[Saved entries]
···
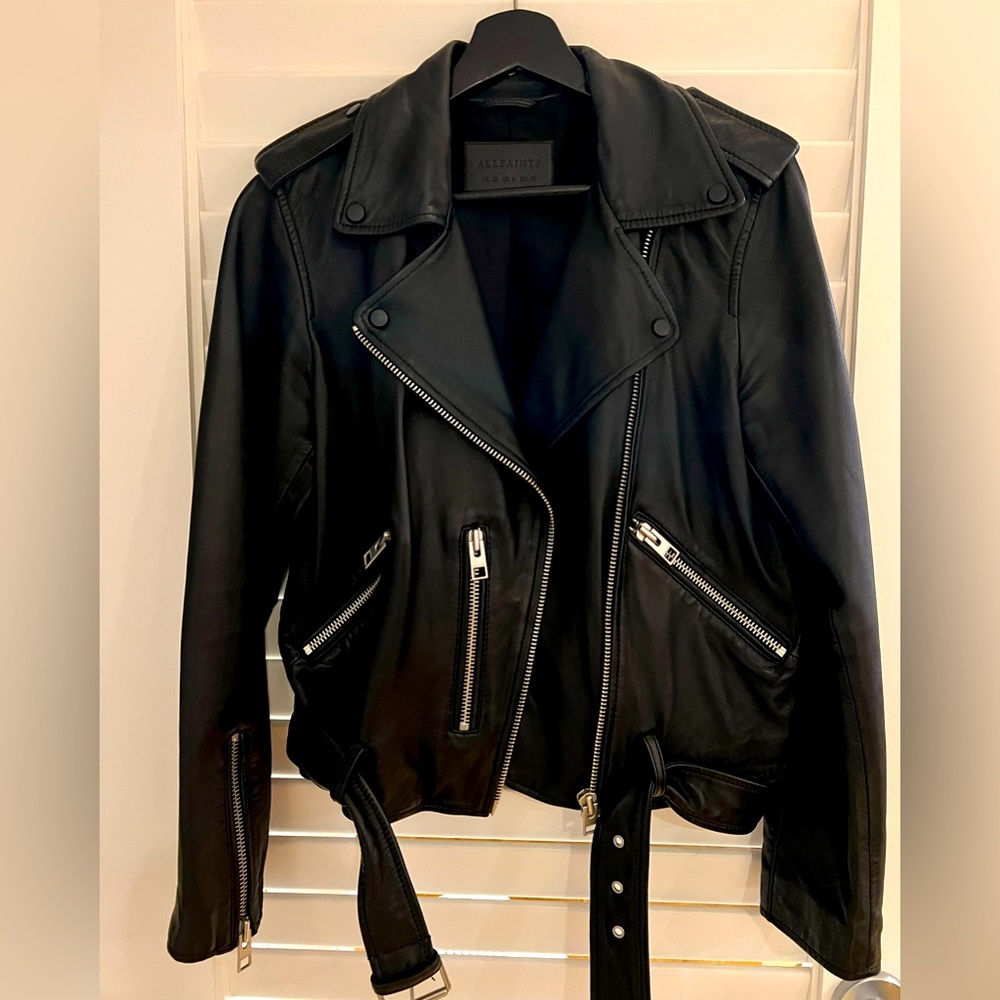 ALLSAINTS Balfern Belted Hem Leather Biker Jacket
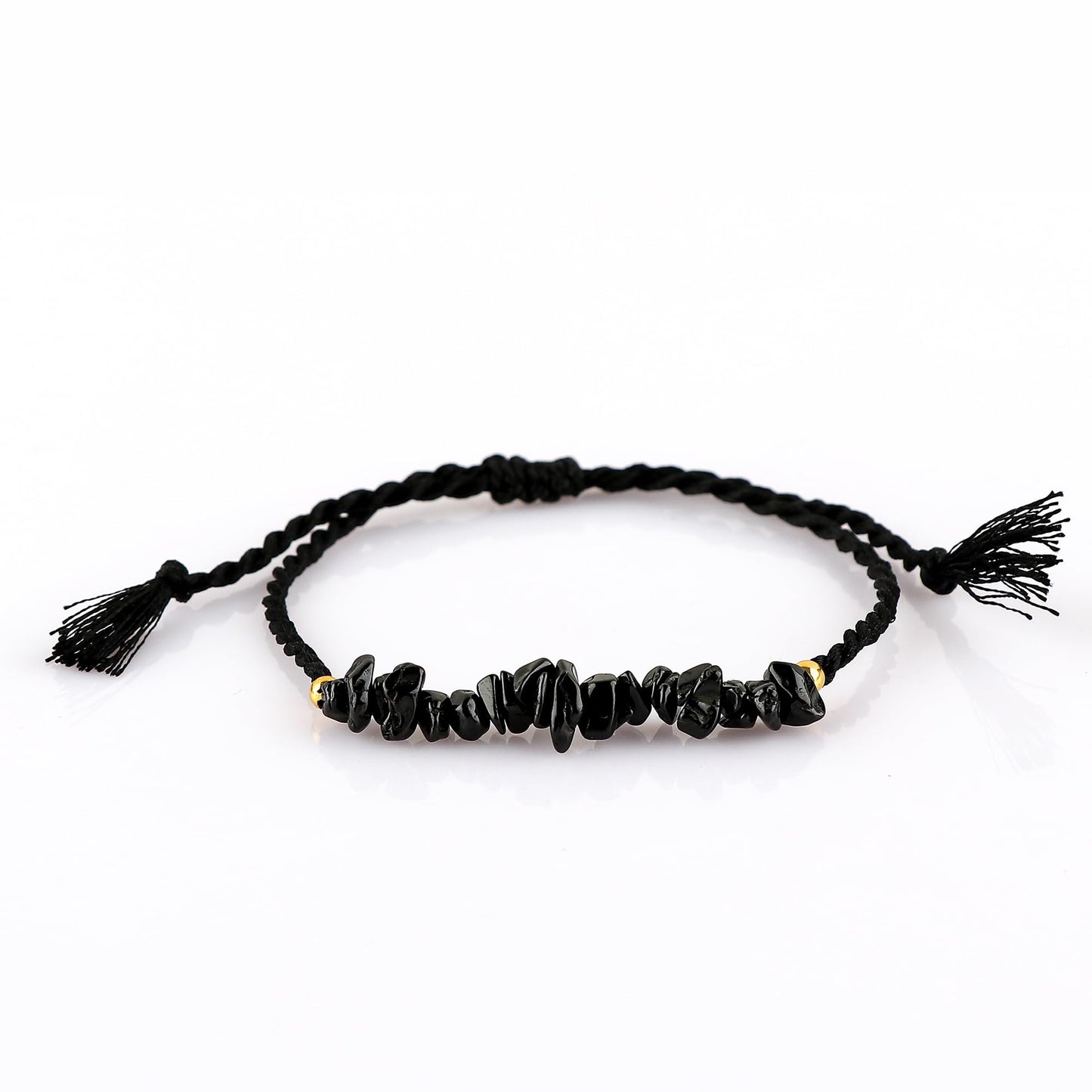 TGH Natural Black Spinel Chips Braided Bracelet Healing Birthday Resizable Hand Braid Rope Thread Protection Bracelet for Men Women Gemstone Jewelry 7 inch Christmas Gift (Black Spinel)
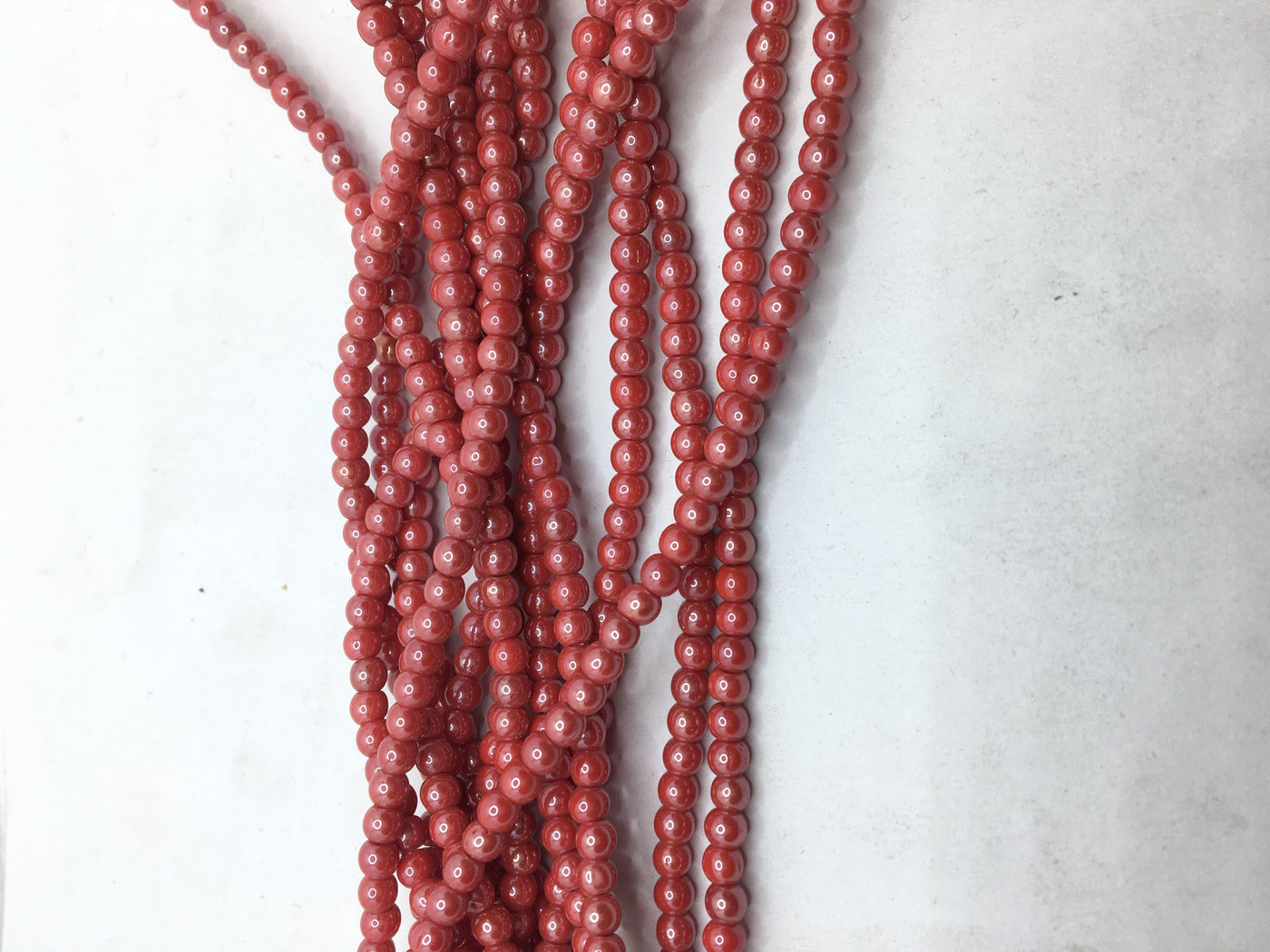 Bright Maroon Tyre Crystal Glass Beads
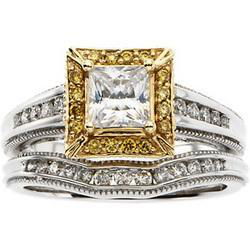 14K Two Tone Gold Diamond Semi Mount Engagement Ringtwo 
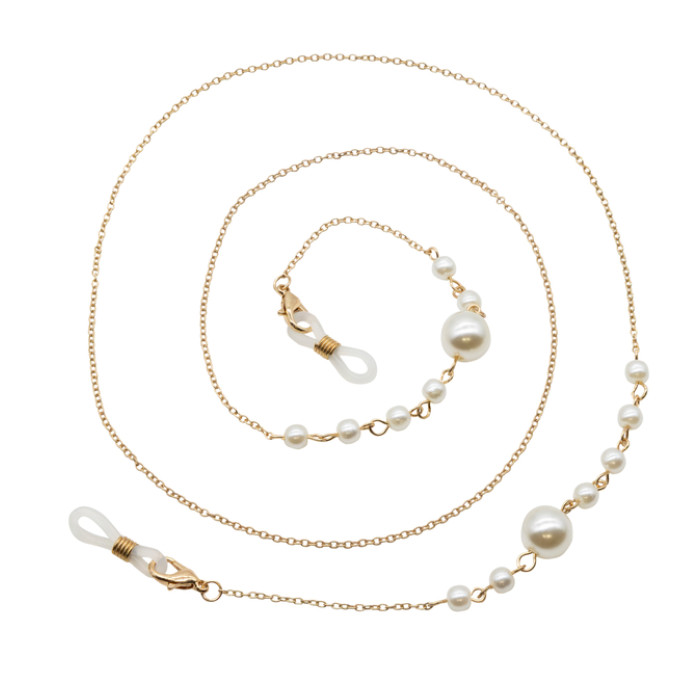 Brillenketting I Need You assorti parels met goud en zilver 4 stuks
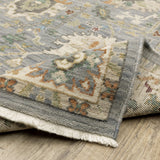 2' X 10' Orange And Ivory Oriental Power Loom Runner Rug With Fringe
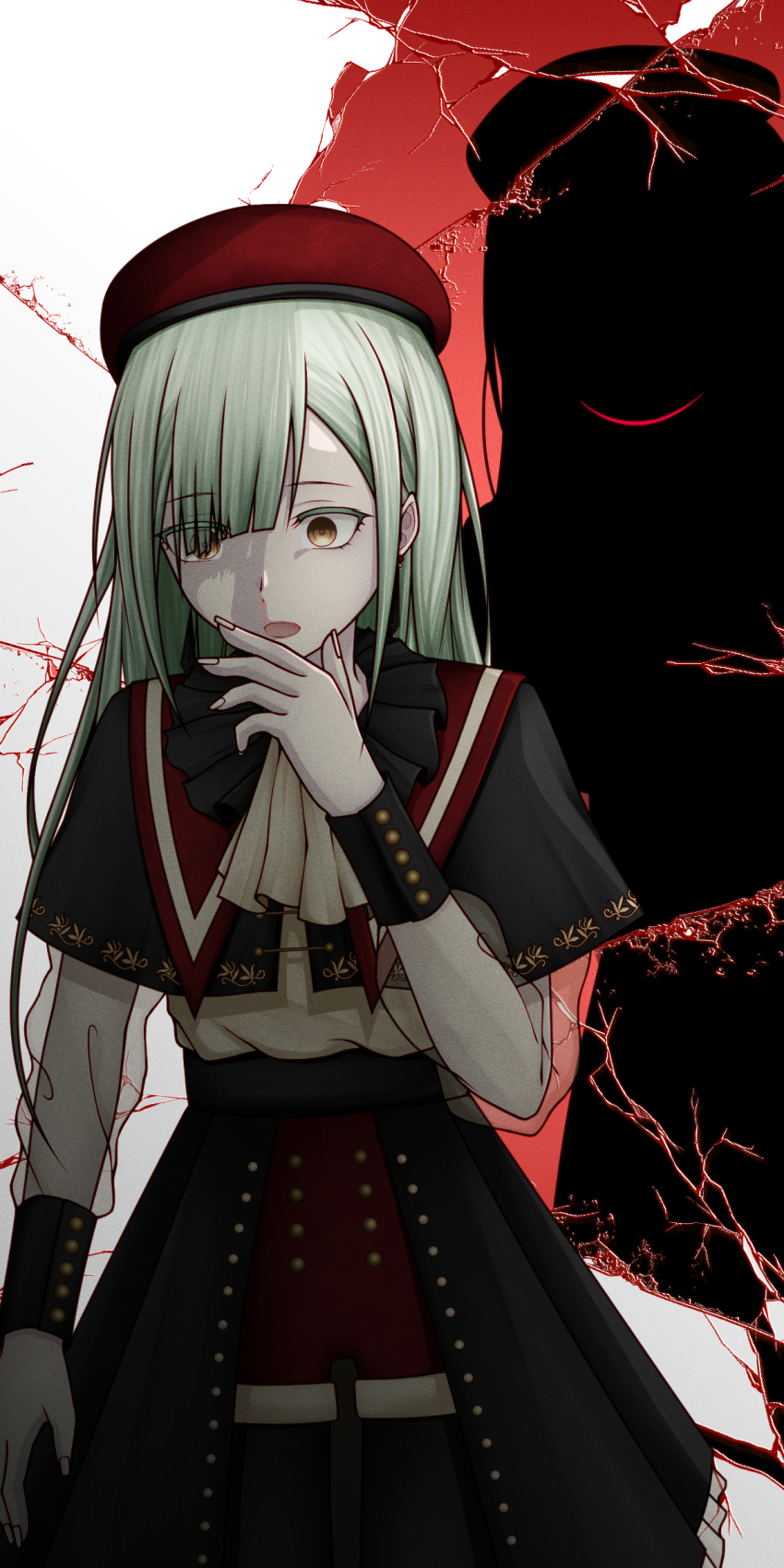 2girls absurdres bang_dream! bang_dream!_it&#039;s_mygo!!!!! beret bilingual_commentary broken_glass clea_ekos commentary dual_persona evil_smile glass green_hair hat highres long_hair mixed-language_commentary mortis_(bang_dream!) mortis_(costume)_(bang_dream!) mortis_(persona)_(bang_dream!) multiple_girls open_mouth red_hat shadow smile wakaba_mutsumi yellow_eyes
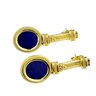 18K Yellow Gold Stud Lapis Lazuli Stones Earrings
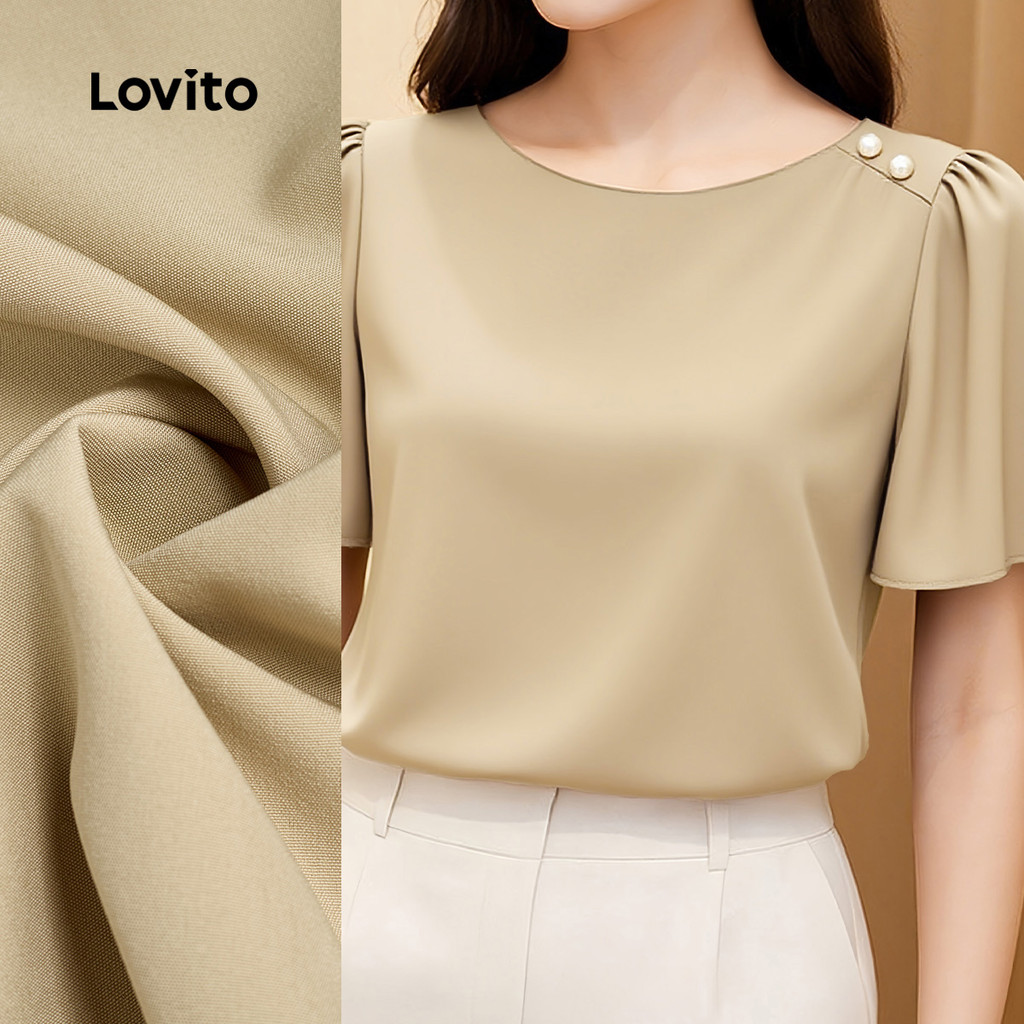 (NEW) Lovito Blusa Casual de Botão Primavera/verão Blusa Cáqui para Mulheres L154ED222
···
● **WHAT IS EXPECTED**
Exclude every picture, then return precisely the lines that run from the line containing "TGH Natural Black" through the end of the entries above.

● **EXERCISE RESULT**
 TGH Natural Black Spinel Chips Braided Bracelet Healing Birthday Resizable Hand Braid Rope Thread Protection Bracelet for Men Women Gemstone Jewelry 7 inch Christmas Gift (Black Spinel)
 Bright Maroon Tyre Crystal Glass Beads
 14K Two Tone Gold Diamond Semi Mount Engagement Ringtwo 
 Brillenketting I Need You assorti parels met goud en zilver 4 stuks
 2' X 10' Orange And Ivory Oriental Power Loom Runner Rug With Fringe
 2girls absurdres bang_dream! bang_dream!_it&#039;s_mygo!!!!! beret bilingual_commentary broken_glass clea_ekos commentary dual_persona evil_smile glass green_hair hat highres long_hair mixed-language_commentary mortis_(bang_dream!) mortis_(costume)_(bang_dream!) mortis_(persona)_(bang_dream!) multiple_girls open_mouth red_hat shadow smile wakaba_mutsumi yellow_eyes
 18K Yellow Gold Stud Lapis Lazuli Stones Earrings
 (NEW) Lovito Blusa Casual de Botão Primavera/verão Blusa Cáqui para Mulheres L154ED222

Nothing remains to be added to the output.